Just bear with me here lads and lasses, but I think there's a problem with the workers against the bosses ideology that is at the root of a lot of socialist thought.
You see, as far as I can make out, we live less and less in a world where the "working class" and "boss class" can be broken down under those headings. The class breakdown is the right idea, but the target is wrong. We live in a world where the growing issue isn't the repression of people in wage employment by capitalists (although that is still a very real problem), it's the subjugation of the masses to a life of unemployment on meagre benefits and what they can get out of the system. Unemployment's much tougher psychologically than employment (or at least I think it is), and yet it's one thing that's on the up. Unemployment in the UK is seemingly lower than it has been recently, but it's still much, much higher than it was before Thatcherism, when we had near zero unemployment. But the most terrifying threat is global unemployment: it's higher than it's ever been, and it's increasing faster than ever before.
Capitalists don't just make money from virtually enslaving people, they can also make it from securing a finite pool of resources for the "haves" and limiting it from the "have-nots." The welfare state in the current capitalist society is basically an excuse that appeals to the bleeding heart liberals for taking huge amounts of resources and giving very little of it away. And, they argue, why should they have to? They claim that since "these people" don't work, we're lucky to get what little benefits we can. Screw the fact that our already near non-existent opportunities are dwindling as the rich start to rely on outsourcing, and moreover they know that immigration of skilled labourers means they don't have to give up their precious cash to help train our own inner cities and lower classes.
As I was saying about global unemployment, it's a very real threat. I read in the Economist (yeah, so I'm reading the enemy ) that something like 50 million are unemployed in the Middle East today, but that figure will be 150 million in 10 years' time. In my area two vacancies at WHSmith's had 350 applications (guess what? I didn't get the job). University students are being forced to do the jobs that schoolkids once did to fund their ever higher tuition fees, and all the while the dole beckons in the future. A classic example of what I'm talking about you might have seen in the papers about the US - the "jobless recovery." Turns out that the productivity gains of the Clinton boom haven't created more jobs, far from it. The "moral side" of capitalist advance goes something like this: technology may make people lose their jobs, but it creates as many as it destroys. This is ever more clearly bullshit, as the US economy grows ahead, and yet no jobs are being created. What the hell is the point of all this technology if more people live in poverty because of it?
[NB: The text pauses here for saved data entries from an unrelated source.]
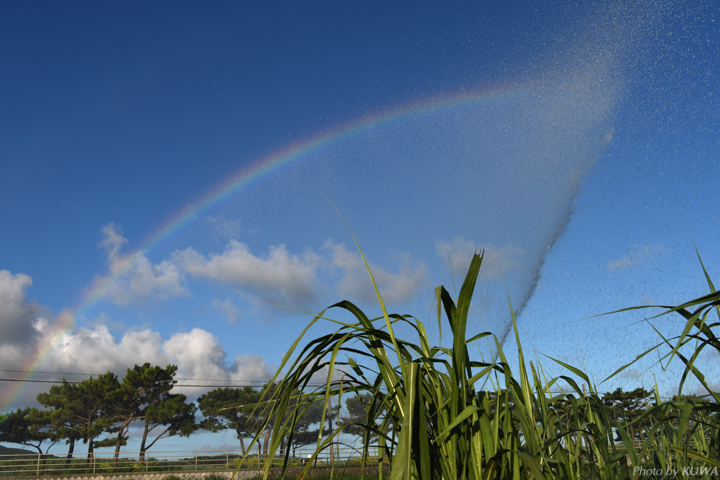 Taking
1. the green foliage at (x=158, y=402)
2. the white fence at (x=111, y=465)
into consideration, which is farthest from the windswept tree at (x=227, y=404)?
the white fence at (x=111, y=465)

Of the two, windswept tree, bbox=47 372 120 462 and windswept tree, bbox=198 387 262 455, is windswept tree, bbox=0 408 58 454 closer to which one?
windswept tree, bbox=47 372 120 462

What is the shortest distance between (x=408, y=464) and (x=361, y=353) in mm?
466

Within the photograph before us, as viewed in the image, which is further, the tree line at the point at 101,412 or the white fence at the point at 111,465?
the tree line at the point at 101,412

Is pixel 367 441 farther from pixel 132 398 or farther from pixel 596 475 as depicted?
Result: pixel 132 398

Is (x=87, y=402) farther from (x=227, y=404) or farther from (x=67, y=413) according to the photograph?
(x=227, y=404)

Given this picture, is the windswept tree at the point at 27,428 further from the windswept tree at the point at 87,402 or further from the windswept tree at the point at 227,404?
the windswept tree at the point at 227,404

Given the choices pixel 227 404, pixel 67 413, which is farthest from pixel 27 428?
pixel 227 404

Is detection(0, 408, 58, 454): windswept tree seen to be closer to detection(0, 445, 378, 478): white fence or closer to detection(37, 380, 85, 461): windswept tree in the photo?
detection(37, 380, 85, 461): windswept tree

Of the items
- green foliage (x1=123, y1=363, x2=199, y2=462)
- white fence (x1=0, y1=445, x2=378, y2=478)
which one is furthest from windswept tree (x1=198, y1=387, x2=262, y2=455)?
white fence (x1=0, y1=445, x2=378, y2=478)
In short, I reckon this is where revolution lies. As unemployment grows, so does discontent. Just look at what happened in Iraq: that moron Bremer sacked the army and outsourced Iraqi business to American conglomerates. That's a whole lot of angry unemployed people, who've turned on the US instead of welcoming them as liberators from Saddam. If technology and productivity keeps on getting better and better, soon people are going to start looking at unemployment in a very different way: not as people being lazy, but because the capitalists and state deny them the skills and opportunities they need, as an excuse for monopolising resources themselves. I think that could end up forcing a conversion to socialism, where we either rely on our technology and see work as something merely productive and fulfilling, but not totally necessary, or smash the whole edifice to bits.
I'm not trying to draw attention away from the working class struggle, but I am trying to make what I think is an important point. We often talk about "the working class" and group together unemployed people, benefit claimants, under that same heading, but that makes the term misleading. The "exploited class" might be a better name, and it might help draw our attention to the equally important struggle, between the establishment and the people it denies jobs. Similarly we often talk about "the labour movement," and things like that. In my opinion, it's important to recognise that this isn't just a worker/labour struggle any more, and that the future of revolution could look very different (but even brighter).
Thanks yall, if you read this far .
Whilst your post makes some good points, and I agree with a lot of it (Argentina being a recent example of the force of the unemployed) I believe the term 'working class' is still correct, as it refers to the existing labour pool rather than those who may be employed at the moment. You said yourself, you applied for a job in WHSmith, so you are part of that labour pool, if they want you they will use you. If none of the labour pool is willing to work for the capitalists anymore, thats where you see the current system in trouble. Those who are in work, and the unemployed, are therefore equally as important in bringing about revolution, and there is no real division between them implied by the term 'working class' IMO.